• TASK
Transcription, pictures excluded: write out the data below exactly.

§ §

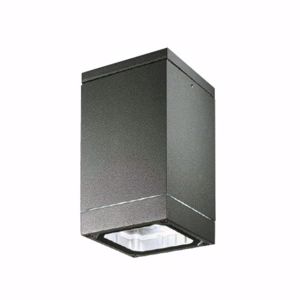 Faretto da tetto per esterno ip54 antracite promozione ultimo pezzo fp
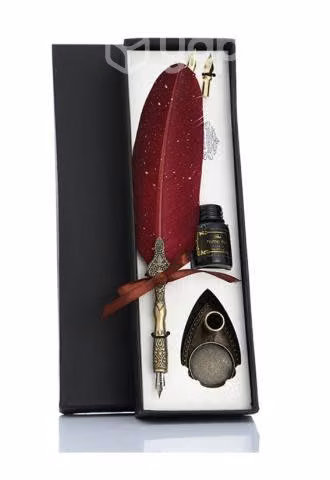 Kit De Pluma Calígráfica Vintage, varios colores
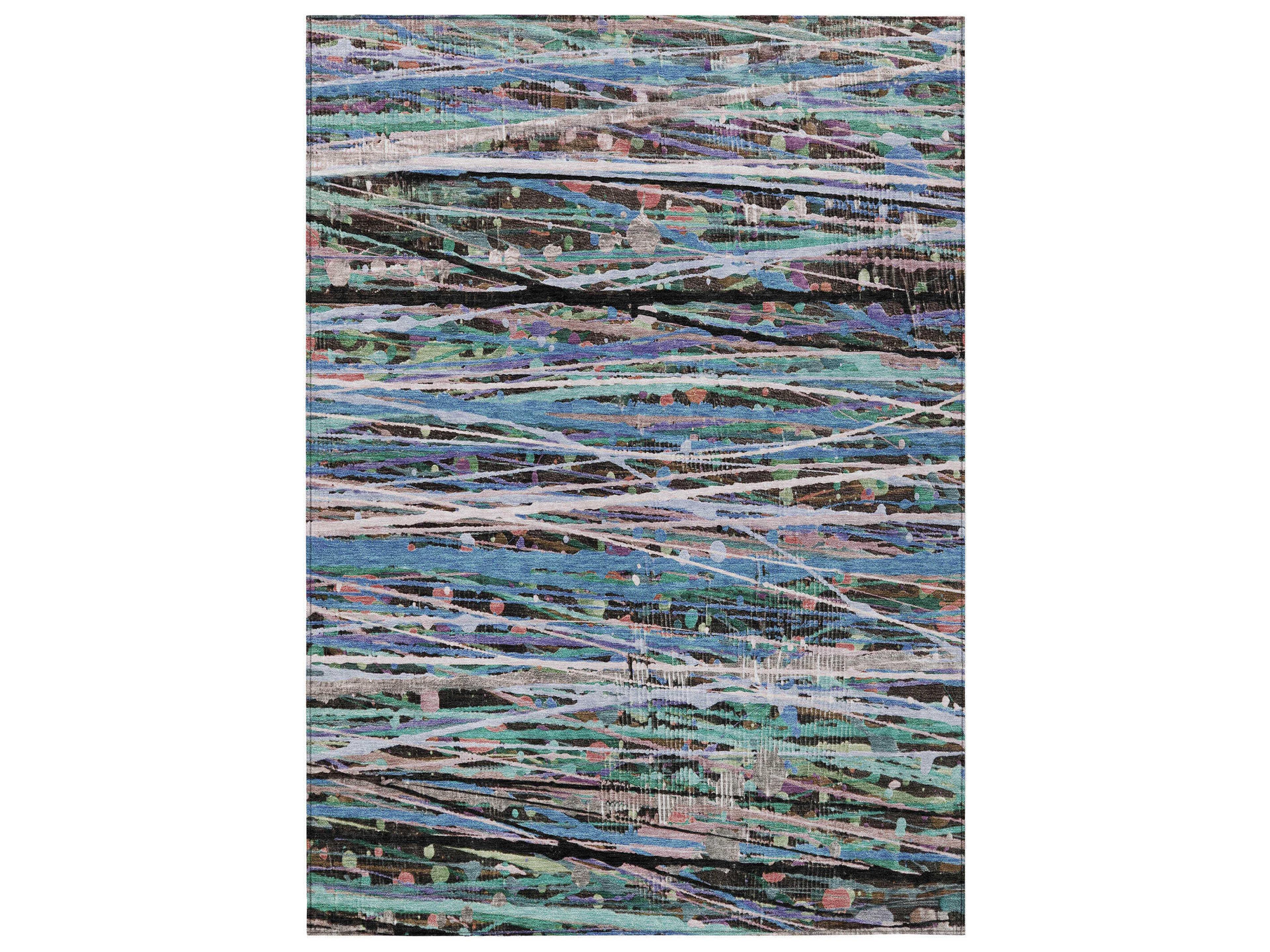 Dalyn Chantille Abstract Area Rug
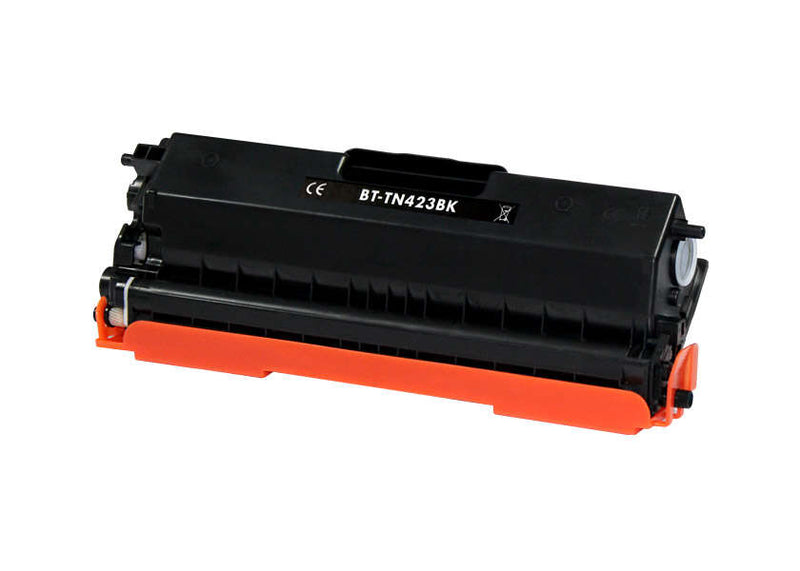 TONER COMPATÍVEL BROTHER TN421TN423TN426 PRETO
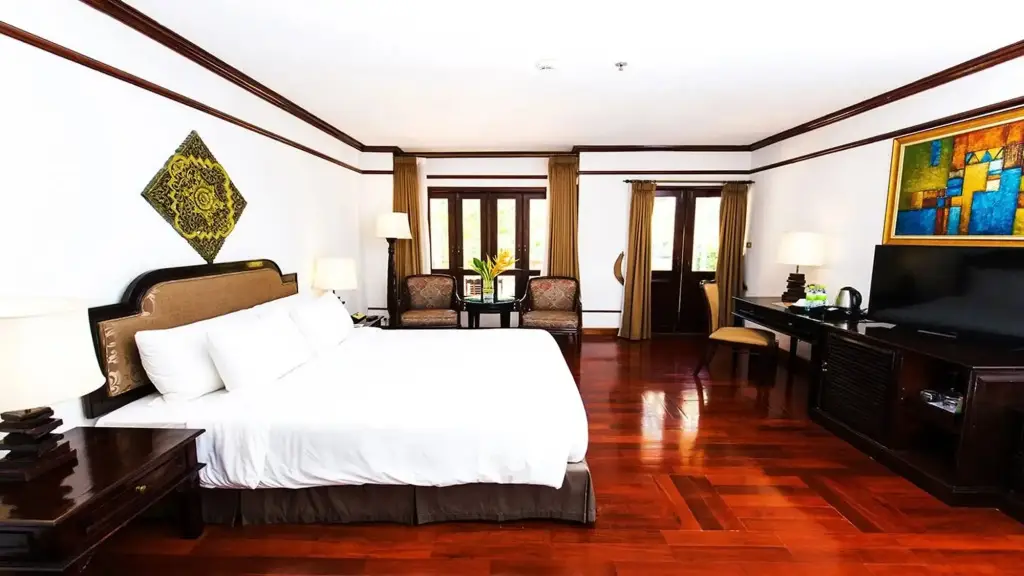 Канчанабури: Felix River Kwai Resort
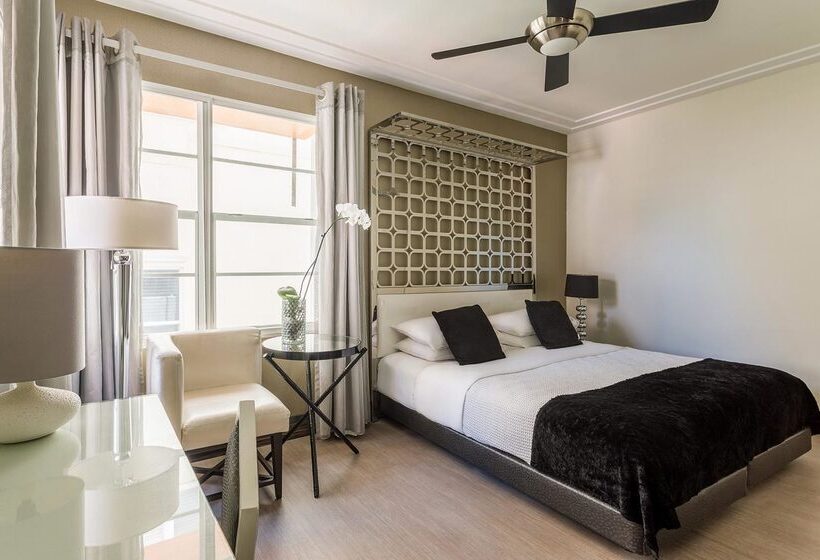 فندق Waldorf Towers South Beach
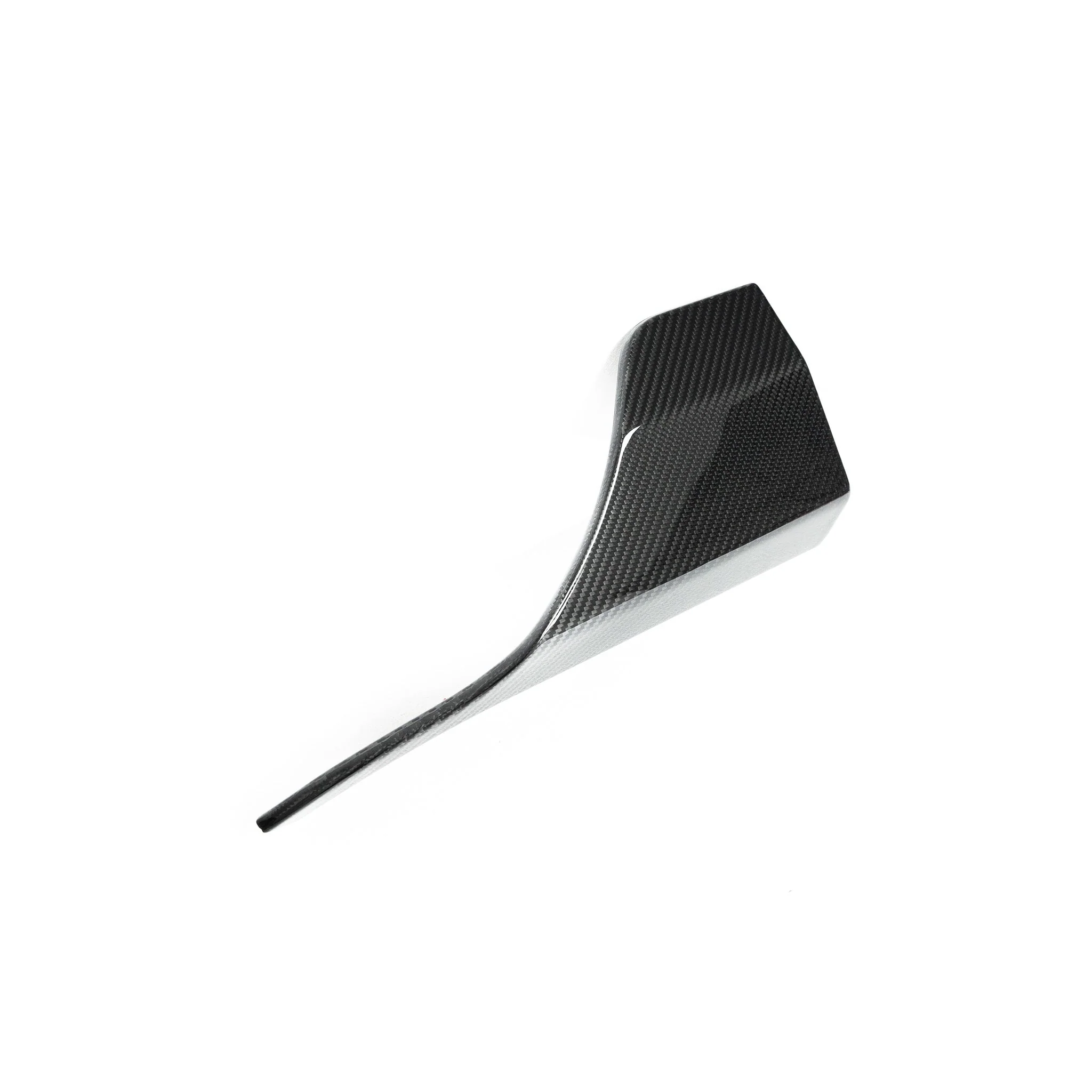 BMW G87 M2 TR87 Pre-preg Carbon Fibre Rear Bumper Winglets by TREVORA (2023+) - Image 11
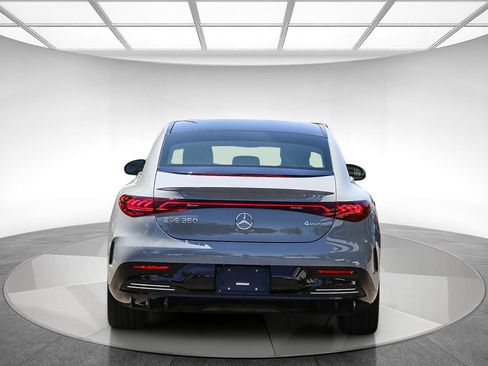 Used 2024 Mercedes-Benz EQE 350+ 4MATIC Sedan image 3
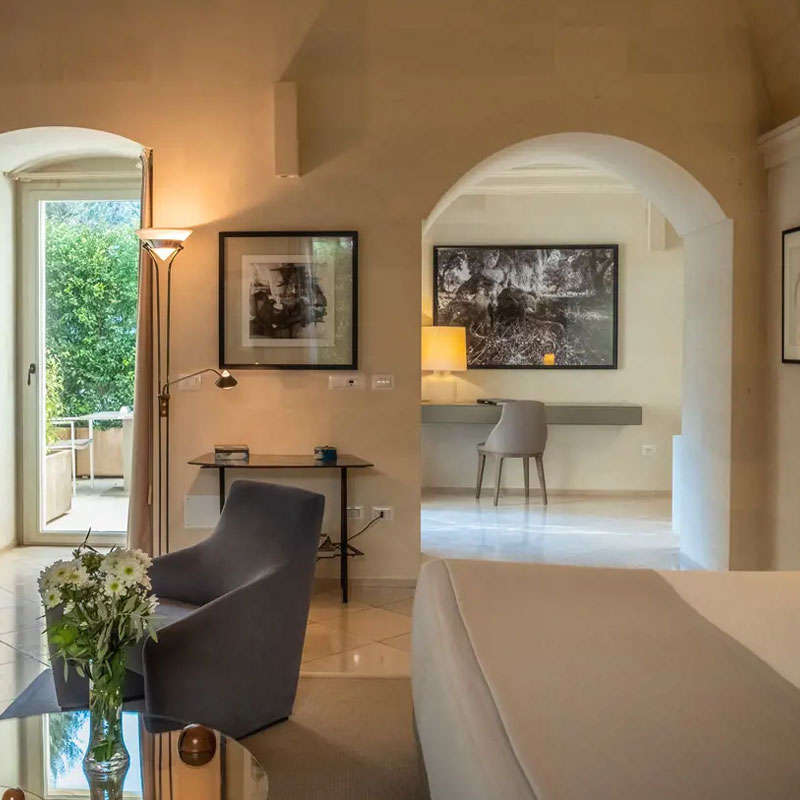 Junior Suite Deluxe 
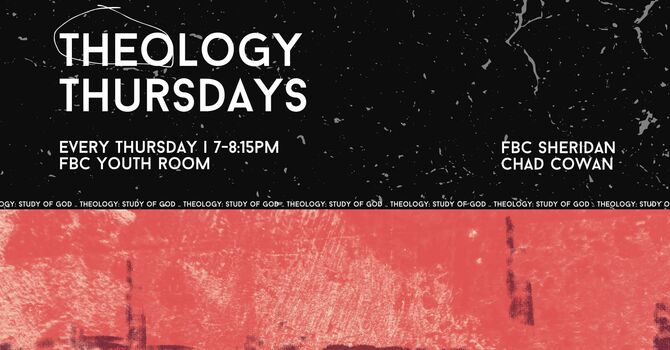 Theology Thursday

§ §

• RESULT OF THIS EXERCISE
 Faretto da tetto per esterno ip54 antracite promozione ultimo pezzo fp
 Kit De Pluma Calígráfica Vintage, varios colores
 Dalyn Chantille Abstract Area Rug
 TONER COMPATÍVEL BROTHER TN421TN423TN426 PRETO
 Канчанабури: Felix River Kwai Resort
 فندق Waldorf Towers South Beach
 BMW G87 M2 TR87 Pre-preg Carbon Fibre Rear Bumper Winglets by TREVORA (2023+) - Image 11
 Used 2024 Mercedes-Benz EQE 350+ 4MATIC Sedan image 3
 Junior Suite Deluxe 
 Theology Thursday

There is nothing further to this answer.